Data extracts
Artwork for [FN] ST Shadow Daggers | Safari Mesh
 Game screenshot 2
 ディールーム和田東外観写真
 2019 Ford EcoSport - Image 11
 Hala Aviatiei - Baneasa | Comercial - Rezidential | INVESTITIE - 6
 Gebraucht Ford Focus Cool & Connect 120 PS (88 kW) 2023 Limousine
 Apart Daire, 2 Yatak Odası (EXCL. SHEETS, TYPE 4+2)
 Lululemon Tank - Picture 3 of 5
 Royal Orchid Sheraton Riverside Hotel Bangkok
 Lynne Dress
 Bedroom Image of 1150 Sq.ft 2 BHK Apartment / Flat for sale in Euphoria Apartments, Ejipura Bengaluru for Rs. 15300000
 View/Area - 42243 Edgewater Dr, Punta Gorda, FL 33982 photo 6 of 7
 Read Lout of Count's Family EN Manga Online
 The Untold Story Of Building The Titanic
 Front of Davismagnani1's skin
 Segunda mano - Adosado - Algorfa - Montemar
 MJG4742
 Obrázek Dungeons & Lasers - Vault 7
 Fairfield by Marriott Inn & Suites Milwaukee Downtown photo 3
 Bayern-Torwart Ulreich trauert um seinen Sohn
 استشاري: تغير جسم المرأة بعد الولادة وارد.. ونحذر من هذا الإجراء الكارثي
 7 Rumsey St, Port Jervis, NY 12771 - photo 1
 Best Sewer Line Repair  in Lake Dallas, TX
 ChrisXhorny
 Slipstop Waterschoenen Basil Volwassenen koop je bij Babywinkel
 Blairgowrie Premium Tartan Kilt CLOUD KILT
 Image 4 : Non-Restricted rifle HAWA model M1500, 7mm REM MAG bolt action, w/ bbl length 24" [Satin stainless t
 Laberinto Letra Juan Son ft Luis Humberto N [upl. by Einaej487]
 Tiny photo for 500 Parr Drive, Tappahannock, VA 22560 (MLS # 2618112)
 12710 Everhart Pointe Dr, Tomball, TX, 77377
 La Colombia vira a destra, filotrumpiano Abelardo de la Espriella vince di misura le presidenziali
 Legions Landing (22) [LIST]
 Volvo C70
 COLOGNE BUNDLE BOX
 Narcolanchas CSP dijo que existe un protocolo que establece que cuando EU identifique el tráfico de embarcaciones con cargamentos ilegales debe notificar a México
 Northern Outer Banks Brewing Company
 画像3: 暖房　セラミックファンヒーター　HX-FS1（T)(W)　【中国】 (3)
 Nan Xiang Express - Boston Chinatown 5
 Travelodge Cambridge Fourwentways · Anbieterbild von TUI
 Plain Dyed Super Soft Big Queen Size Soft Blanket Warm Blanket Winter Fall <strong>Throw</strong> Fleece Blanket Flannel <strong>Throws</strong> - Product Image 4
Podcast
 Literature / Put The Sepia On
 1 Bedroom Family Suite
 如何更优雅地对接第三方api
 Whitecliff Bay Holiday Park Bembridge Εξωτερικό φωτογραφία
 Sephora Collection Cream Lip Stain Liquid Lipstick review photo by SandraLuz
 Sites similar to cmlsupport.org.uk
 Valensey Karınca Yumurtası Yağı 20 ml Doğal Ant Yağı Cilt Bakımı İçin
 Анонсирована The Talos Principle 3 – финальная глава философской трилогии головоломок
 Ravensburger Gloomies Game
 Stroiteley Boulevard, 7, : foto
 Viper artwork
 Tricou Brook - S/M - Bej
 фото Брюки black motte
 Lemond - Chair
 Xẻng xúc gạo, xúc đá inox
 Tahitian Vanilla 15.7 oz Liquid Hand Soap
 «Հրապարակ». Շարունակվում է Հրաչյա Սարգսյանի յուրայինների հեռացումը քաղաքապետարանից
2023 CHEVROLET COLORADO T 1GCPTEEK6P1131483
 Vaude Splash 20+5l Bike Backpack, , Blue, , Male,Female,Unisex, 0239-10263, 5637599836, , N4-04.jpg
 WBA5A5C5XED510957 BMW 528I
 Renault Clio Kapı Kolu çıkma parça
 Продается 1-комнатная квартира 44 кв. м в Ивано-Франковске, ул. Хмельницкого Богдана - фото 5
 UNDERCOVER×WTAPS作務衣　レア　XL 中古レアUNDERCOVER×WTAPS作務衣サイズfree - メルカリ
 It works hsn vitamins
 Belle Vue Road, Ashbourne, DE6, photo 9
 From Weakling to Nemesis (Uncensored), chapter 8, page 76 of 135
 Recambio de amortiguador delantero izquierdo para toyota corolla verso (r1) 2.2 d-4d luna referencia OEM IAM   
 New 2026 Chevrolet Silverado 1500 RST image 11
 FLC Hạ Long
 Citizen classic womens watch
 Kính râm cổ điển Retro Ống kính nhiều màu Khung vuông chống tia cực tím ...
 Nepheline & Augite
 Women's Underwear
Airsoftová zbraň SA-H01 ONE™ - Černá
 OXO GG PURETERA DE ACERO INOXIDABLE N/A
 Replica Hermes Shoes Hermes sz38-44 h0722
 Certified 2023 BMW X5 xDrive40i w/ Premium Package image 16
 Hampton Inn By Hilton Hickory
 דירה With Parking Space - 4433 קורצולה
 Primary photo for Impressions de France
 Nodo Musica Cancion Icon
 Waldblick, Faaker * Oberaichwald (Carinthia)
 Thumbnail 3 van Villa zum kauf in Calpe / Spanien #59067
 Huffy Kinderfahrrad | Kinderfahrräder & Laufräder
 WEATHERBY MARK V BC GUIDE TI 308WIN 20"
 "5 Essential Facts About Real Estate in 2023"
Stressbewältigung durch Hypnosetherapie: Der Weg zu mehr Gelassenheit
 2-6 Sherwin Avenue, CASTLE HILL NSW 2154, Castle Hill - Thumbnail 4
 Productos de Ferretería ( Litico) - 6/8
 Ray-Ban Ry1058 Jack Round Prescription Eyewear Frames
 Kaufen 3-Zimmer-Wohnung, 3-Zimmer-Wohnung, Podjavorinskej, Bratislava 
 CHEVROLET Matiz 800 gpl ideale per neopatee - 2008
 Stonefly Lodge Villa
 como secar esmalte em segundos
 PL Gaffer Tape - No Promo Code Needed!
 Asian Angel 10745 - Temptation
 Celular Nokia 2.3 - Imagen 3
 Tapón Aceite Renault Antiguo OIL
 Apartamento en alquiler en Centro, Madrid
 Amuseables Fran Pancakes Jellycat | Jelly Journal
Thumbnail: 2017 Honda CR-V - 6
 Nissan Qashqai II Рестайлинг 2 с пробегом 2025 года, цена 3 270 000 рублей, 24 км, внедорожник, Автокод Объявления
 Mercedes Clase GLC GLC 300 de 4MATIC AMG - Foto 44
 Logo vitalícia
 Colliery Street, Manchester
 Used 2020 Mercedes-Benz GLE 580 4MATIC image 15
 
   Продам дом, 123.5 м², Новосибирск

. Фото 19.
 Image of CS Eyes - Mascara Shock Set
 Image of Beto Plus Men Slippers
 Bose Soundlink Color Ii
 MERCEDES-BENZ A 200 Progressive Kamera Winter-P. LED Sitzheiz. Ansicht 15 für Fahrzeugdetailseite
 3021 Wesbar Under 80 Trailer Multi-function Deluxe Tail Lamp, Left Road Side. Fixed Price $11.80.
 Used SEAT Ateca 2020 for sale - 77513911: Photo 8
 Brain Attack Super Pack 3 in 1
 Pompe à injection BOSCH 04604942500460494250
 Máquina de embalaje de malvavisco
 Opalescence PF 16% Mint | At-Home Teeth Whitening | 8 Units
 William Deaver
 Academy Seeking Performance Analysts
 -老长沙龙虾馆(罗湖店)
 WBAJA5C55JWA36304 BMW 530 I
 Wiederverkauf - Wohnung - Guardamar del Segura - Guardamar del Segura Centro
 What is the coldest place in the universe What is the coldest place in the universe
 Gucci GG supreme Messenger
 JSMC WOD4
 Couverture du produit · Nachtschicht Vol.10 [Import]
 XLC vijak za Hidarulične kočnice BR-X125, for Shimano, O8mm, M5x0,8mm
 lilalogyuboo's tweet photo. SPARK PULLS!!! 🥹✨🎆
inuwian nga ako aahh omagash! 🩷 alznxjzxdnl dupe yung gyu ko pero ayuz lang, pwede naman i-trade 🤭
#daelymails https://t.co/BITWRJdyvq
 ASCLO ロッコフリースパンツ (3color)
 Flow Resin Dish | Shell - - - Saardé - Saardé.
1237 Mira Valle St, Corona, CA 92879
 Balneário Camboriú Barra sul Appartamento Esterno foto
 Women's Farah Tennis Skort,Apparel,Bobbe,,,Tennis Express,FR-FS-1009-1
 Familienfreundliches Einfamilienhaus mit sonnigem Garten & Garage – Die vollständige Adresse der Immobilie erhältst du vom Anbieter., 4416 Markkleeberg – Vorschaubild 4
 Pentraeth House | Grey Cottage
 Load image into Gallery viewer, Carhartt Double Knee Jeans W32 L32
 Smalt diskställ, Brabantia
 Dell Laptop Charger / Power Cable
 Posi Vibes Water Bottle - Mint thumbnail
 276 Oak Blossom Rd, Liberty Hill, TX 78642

Your assignment
Output the lines above between the one holding "Narcolanchas CSP dijo" and the one holding "Whitecliff Bay Holiday", inclusive, with nothing before or after them.

Solution to the exercise
 Narcolanchas CSP dijo que existe un protocolo que establece que cuando EU identifique el tráfico de embarcaciones con cargamentos ilegales debe notificar a México
 Northern Outer Banks Brewing Company
 画像3: 暖房　セラミックファンヒーター　HX-FS1（T)(W)　【中国】 (3)
 Nan Xiang Express - Boston Chinatown 5
 Travelodge Cambridge Fourwentways · Anbieterbild von TUI
 Plain Dyed Super Soft Big Queen Size Soft Blanket Warm Blanket Winter Fall <strong>Throw</strong> Fleece Blanket Flannel <strong>Throws</strong> - Product Image 4
Podcast
 Literature / Put The Sepia On
 1 Bedroom Family Suite
 如何更优雅地对接第三方api
 Whitecliff Bay Holiday Park Bembridge Εξωτερικό φωτογραφία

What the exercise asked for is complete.